Silvestre Reyes Hit By Attack Ad In Primary, Tosses Allegation At Challenger Beto O'Rourke

Texas Primary Race Heats Up With Mudslinging From Both Sides

With a new TV ad, an independent anti-incumbent super PAC is lobbing allegations of corruption into the congressional primary race heating up in El Paso, Texas.

The spot from the Campaign for Primary Accountability portrays Rep. Silvestre Reyes, an eight-term Democrat in the House of Representatives, as an out-of-touch politician who has used his office to line his family members' pockets. It's pegged to the increasingly messy May 29 primary between Reyes and Beto O'Rourke, a former El Paso City Councilmember who is mounting what appears to be a serious challenge.

On Sunday, the El Paso Times reported that Reyes' campaign spent $469.71 on five "campaign meetings" in the House of Representatives' member dining room. The paper noted that these meetings "appeared to be ethics violations," since they used a congressional building for campaign purposes. Reyes's spokesperson responded that the campaign disclosure was "miscoded."

Between a steady drumbeat of similar articles, the paper's endorsement of O'Rourke and early voting exit polls, signs suggest that Reyes could be in serious trouble.

The Campaign for Primary Accountability hopes to give Reyes an extra shove out the door with its new ad, which is playing on broadcast TV in El Paso.

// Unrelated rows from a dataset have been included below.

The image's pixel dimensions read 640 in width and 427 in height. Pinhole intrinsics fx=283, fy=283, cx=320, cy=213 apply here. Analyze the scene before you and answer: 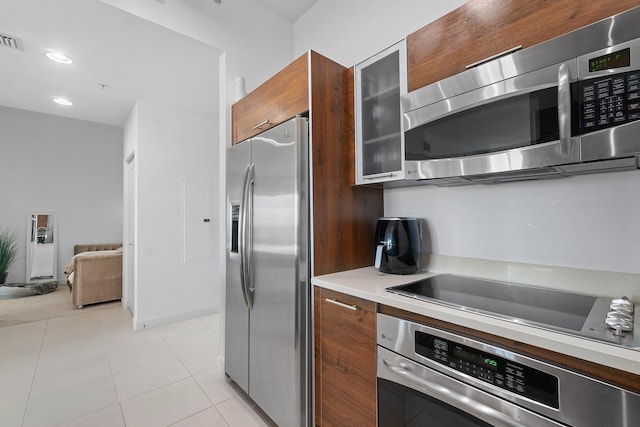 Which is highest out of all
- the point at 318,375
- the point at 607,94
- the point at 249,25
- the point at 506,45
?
the point at 249,25

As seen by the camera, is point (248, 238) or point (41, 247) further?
point (41, 247)

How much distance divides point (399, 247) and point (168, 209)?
10.6ft

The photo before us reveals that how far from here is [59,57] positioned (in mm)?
2682

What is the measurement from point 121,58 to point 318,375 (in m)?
3.21

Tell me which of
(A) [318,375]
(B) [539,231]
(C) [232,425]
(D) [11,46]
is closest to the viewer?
(B) [539,231]

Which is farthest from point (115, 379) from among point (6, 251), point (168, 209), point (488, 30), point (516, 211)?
point (6, 251)

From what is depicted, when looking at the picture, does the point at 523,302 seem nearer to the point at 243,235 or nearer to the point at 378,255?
the point at 378,255

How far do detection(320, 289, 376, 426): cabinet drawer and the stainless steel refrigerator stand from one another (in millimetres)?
132

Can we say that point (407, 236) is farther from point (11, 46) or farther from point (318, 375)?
point (11, 46)

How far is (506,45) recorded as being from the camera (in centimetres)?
115

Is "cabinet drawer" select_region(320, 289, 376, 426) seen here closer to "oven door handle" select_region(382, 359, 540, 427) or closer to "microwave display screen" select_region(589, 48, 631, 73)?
→ "oven door handle" select_region(382, 359, 540, 427)

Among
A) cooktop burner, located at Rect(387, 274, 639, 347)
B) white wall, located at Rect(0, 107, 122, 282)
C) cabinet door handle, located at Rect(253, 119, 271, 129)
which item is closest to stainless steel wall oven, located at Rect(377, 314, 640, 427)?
cooktop burner, located at Rect(387, 274, 639, 347)

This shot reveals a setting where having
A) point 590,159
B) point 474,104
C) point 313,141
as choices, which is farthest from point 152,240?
point 590,159

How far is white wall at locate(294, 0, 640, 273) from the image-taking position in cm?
117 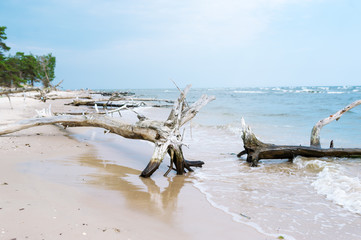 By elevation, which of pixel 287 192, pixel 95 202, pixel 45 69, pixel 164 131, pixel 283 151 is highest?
pixel 45 69

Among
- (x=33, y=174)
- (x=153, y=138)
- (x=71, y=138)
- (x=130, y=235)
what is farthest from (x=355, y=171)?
(x=71, y=138)

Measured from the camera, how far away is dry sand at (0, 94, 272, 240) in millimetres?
2534

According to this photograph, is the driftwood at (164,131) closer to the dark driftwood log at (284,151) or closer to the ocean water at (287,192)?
the ocean water at (287,192)

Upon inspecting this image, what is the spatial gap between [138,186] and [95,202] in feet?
3.43

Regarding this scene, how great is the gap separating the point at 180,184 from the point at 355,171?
3.82m

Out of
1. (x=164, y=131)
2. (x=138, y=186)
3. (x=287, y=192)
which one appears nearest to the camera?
(x=138, y=186)

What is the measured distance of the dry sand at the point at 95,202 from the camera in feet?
8.31

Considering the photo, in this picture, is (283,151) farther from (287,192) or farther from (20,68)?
(20,68)

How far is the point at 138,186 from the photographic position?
4.33 meters

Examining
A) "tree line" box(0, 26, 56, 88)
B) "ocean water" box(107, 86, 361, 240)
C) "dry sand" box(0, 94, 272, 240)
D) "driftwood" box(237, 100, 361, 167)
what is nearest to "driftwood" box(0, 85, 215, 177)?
"dry sand" box(0, 94, 272, 240)

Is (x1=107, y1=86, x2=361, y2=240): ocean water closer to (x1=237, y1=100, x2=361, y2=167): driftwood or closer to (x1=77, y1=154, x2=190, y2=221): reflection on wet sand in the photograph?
(x1=237, y1=100, x2=361, y2=167): driftwood

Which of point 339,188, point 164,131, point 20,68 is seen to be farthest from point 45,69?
point 339,188

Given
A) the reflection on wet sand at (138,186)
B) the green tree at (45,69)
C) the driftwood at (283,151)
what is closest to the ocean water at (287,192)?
the driftwood at (283,151)

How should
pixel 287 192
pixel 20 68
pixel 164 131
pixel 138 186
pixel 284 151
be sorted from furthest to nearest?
pixel 20 68 < pixel 284 151 < pixel 164 131 < pixel 287 192 < pixel 138 186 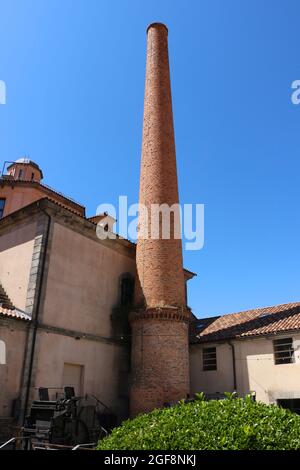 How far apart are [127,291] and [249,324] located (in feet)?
20.7

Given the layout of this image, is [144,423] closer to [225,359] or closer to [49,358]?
[49,358]

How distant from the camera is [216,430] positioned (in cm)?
546

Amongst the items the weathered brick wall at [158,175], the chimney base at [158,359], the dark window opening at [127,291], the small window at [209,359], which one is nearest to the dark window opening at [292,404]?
the small window at [209,359]

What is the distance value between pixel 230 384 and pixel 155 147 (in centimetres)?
1199

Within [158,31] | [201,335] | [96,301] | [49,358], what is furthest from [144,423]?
[158,31]

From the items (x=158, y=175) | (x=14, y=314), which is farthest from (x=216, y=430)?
(x=158, y=175)

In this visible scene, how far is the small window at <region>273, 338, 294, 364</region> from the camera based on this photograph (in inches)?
682

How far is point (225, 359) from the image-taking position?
19641mm

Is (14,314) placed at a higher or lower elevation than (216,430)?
higher

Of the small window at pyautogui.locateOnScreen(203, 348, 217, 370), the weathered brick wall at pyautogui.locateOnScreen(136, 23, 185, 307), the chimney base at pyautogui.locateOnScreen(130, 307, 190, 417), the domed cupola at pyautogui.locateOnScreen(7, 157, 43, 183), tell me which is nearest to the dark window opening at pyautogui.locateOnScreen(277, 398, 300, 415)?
the small window at pyautogui.locateOnScreen(203, 348, 217, 370)

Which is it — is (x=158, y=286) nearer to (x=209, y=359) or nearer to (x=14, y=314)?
(x=209, y=359)

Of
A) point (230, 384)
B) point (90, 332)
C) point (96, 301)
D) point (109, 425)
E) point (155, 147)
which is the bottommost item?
point (109, 425)

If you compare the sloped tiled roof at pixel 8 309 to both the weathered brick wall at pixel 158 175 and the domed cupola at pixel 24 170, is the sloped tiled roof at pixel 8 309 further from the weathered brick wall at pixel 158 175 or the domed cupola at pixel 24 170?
the domed cupola at pixel 24 170

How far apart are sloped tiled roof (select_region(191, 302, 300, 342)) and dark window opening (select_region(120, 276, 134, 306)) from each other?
4116 mm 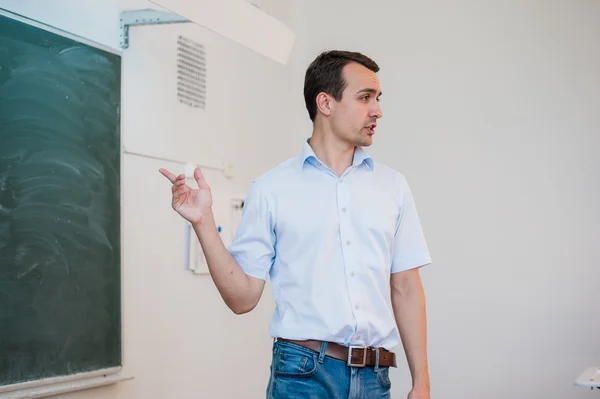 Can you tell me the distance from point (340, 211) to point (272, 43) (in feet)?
4.04

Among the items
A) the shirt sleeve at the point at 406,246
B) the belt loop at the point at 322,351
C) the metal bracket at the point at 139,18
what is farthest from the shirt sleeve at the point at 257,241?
the metal bracket at the point at 139,18

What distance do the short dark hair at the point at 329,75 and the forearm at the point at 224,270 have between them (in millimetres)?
552

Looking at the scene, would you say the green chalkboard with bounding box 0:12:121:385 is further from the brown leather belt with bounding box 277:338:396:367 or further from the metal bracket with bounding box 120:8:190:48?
the brown leather belt with bounding box 277:338:396:367

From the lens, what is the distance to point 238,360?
4.07 meters

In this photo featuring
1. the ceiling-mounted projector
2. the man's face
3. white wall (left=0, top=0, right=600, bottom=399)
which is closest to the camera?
the man's face

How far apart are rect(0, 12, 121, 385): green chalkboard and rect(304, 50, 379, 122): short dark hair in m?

So far the super PAC has dropped $50,000 on the race, and spokesman Curtis Ellis told The Huffington Post it plans to spend more.

Among other attacks, the ad rehashes one issue that has dogged Reyes thus far: Over the past two election cycles, he doled out $600,000, more than any other member of Congress, to himself and family members for campaign, consulting and other purposes. Many if not all of those payments may be legal, but Citizens for Responsibility and Ethics in Washington, the group that documented them, says they exemplify the nepotism that's rampant in Washington.

Reyes, however, is not taking the attacks sitting down -- indeed, he's slinging allegations back. In a lengthy statement released by his campaign, he blasted the super PAC and claimed that O'Rourke has a "criminal record":

The Campaign for Primary Accountability today is attempting to buy a seat in Congress for Beto O’Rourke so he can represent those who want to buy El Paso. El Paso is not for sale. They, along with O’Rourke will do and say anything to get him elected -- a man who has a criminal record, is not a true Democrat, wants to legalize drug-use and has a checkered past -- to be our representative in Congress.

All reimbursements for campaign expenditures to me and my campaign staff are within the law and properly documented and processed per Federal Election Commission’s rules and regulations.

O'Rourke was arrested twice in El Paso in the 1990s according to county records -- once for a DWI and another time for a misdemeanor -- but both cases were either declined or dismissed. And the DWI will hardly be news to many El Pasoans: O'Rourke acknowledged and apologized for it when he ran for El Paso City Council in 2004.

"I made a mistake," O'Rourke told HuffPost Wednesday. "If you look at my public record since then, I've started a business that's employed dozens of El Pasoans in high wage, high technology jobs, I've served on the City Council, and I'm raising three children with my wife."

In his statement, Reyes also pointed out that O'Rourke's father-in-law has donated to the Campaign for Primary Accountability. O'Rourke has said he has no contact with the super PAC and opposes the Supreme Court's Citizens United decision, which opened the floodgates to independent expenditures in federal political races.

Three more men are running in the 16th District Democratic primary -- Paul Johnson, Jr., Ben Mendoza and Jerome Tlighman -- but Reyes and O'Rourke are expected to be the most competitive. The winner of the primary will be the heavy favorite to represent the Democratic-leaning district in Congress; Reyes won with 58 percent of the vote in the 2010 general election.